El nuevo paradigma había sepultado para siempre las grandes monarquías absolutistas, pero la sociedad entró en un período de turbulencias económicas y sociales, con el capitalismo industrial sin código de equidad ni justicia social entre las nuevas clases, la burguesía y el proletariado. 

Las desigualdades sociales eran abismales, los desplazamientos sociales por la apropiación de las tierras con la desaparición del sistema feudal, formaron grandes cordones de miseria en las ciudades industrializadas, los oligopolios y los monopolios agrícolas destruyeron la clase campesina y el nuevo modelo de Estado permitió concepciones económicas que no honraban los grandes principios que le dieron nacimiento. Paulatinamente se instaló en la cumbre del poder del Estado, un código liberal inhumano basado en libertad política y dictadura económica.

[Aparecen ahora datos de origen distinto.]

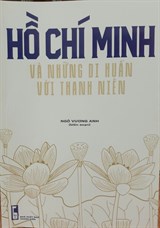 Hồ Chí Minh và những di huấn với Thanh niên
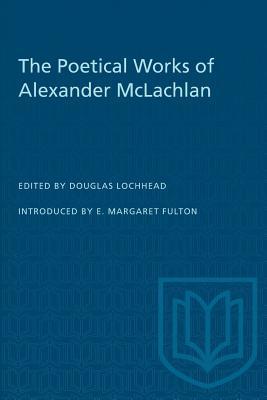 Seller image for POETICAL WORKS OF ALEXANDER MCLACHLAN for sale by moluna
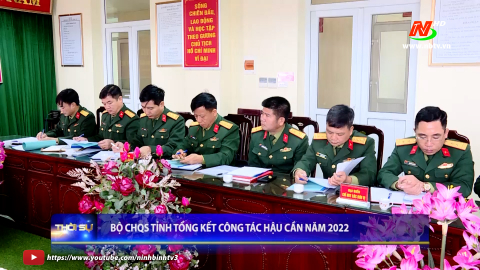 Bộ CHQS tỉnh tổng kết c&ocirc;ng t&aacute;c hậu cần năm 2022
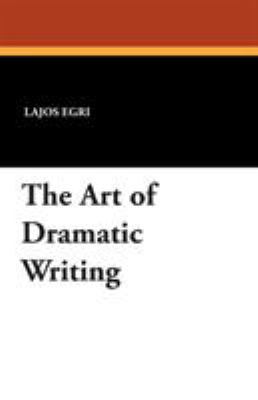 The Art of Dramatic Writing 1434495434 Book Cover
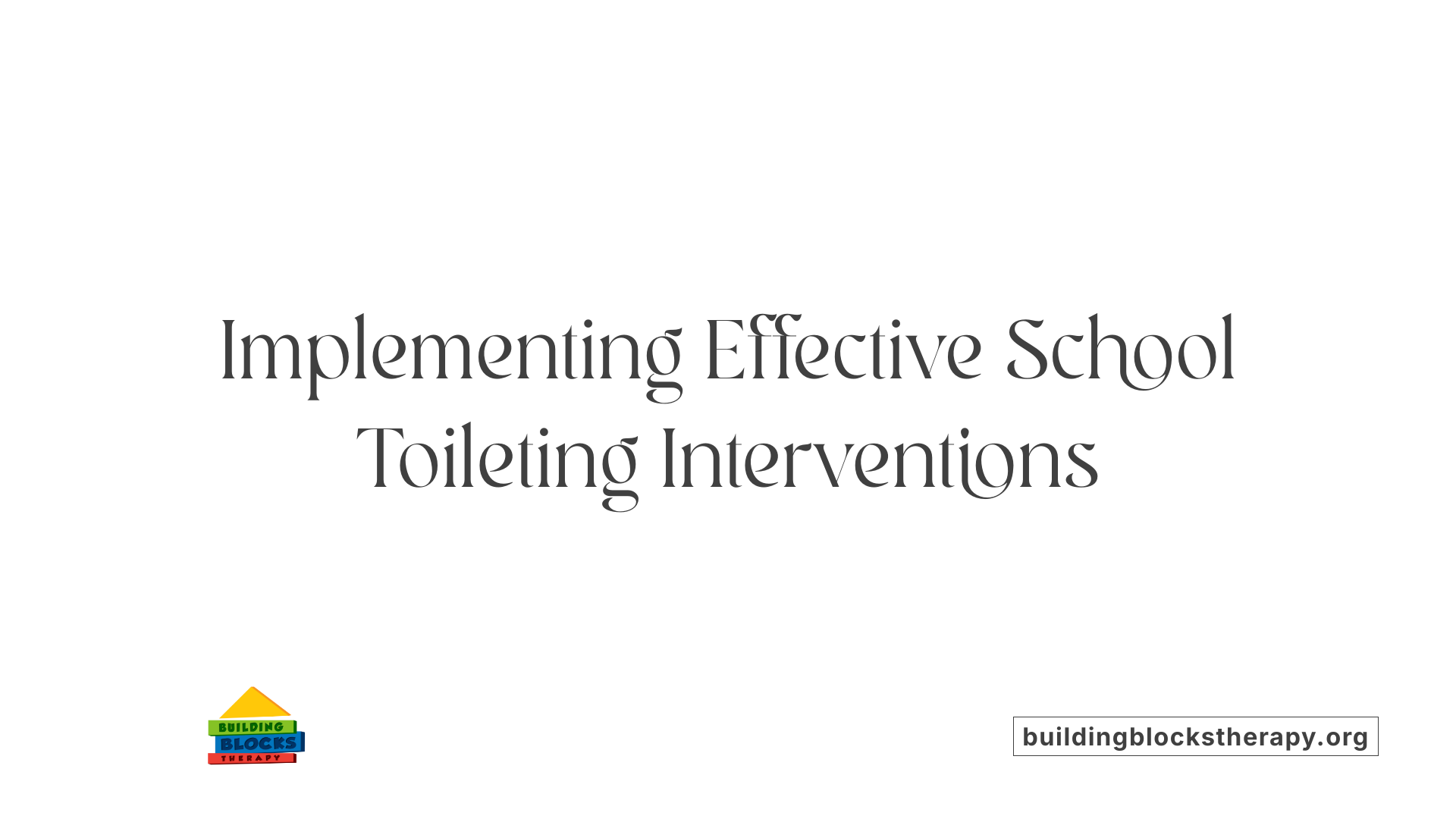 Implementing Effective School Toileting Interventions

La parte carente de virtud de los hombres, generó una cultura de indescriptibles abusos en la relación laboral, financiera y comercial, hasta a los niños de los hospicios se les obligaba a trabajar 10 y 12 horas en las fábricas, enigmática conducta humana que había expuesto un siglo antes, el filósofo alemán Thomas Hobbes (1588-1679),  cuando escribió en su libro El Leviatán, publicado en 1651, su sentencia de que el hombre era un lobo contra el hombre. También decía el afamado filósofo: “El hombre es íntimamente egoísta y malvado… La justicia solo puede nacer en virtud de cierto pacto o convenio”; símil doctrinal del pensamiento secular de Nicolás de Maquiavelo que consideraba al ser humano como una dualidad que se debate entre su condición humana y su condición animal.

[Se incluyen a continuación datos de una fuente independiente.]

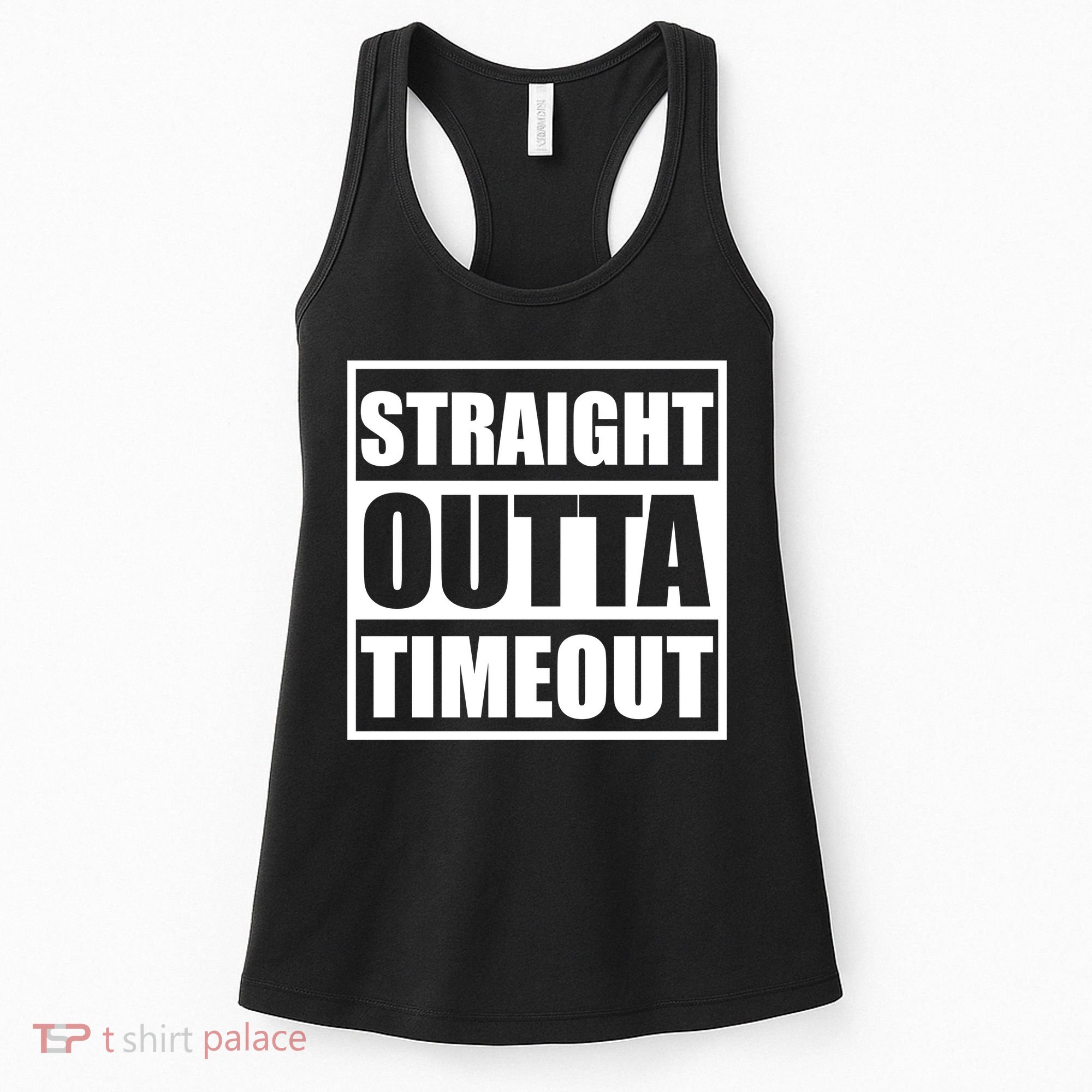 Straight Outta Timeout Women's Tank Top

Uno de los ejemplos más ilustrativos en el continente americano del enigma humano expuesto por Hobbes y Maquiavelo,  de los fracasos del constitucionalismo clásico en garantizar los principios del bien común, la libertad y la igualdad de los hombres, con apego a inmarcesible universalidad, lo representa la pervivencia de la esclavitud en los Estados Unidos de Norteamérica, inenarrables 87 años después de la declaración de la independencia de 1776. 

El conspicuo humanista Abraham Lincoln, fue el señalado por la historia para acabar con la abominable institución social de la esclavitud, durante la llamada Guerra de Secesión en 1865, a un precio que desangró a esa nación en aquella dramática contienda fratricida.    

La moraleja de esa memoria histórica estaba clara, la justicia social no es posible cuando la misión social del Estado pierde hegemonía de poder, transfiriéndose a los dominios de una sola clase o diluyéndose en el abismo jurídico del exceso de ejercicio de derechos individuales del hombre. 

A partir de ese momento histórico, premonición de la concepción “hobbiana”, el naciente Estado contemporáneo se debatiría entre una mortecina o una vital misión social como ente interventor, regulador y garantista de la vida convivencial, civilizada y justa de la relación entre los hombres en la sociedad.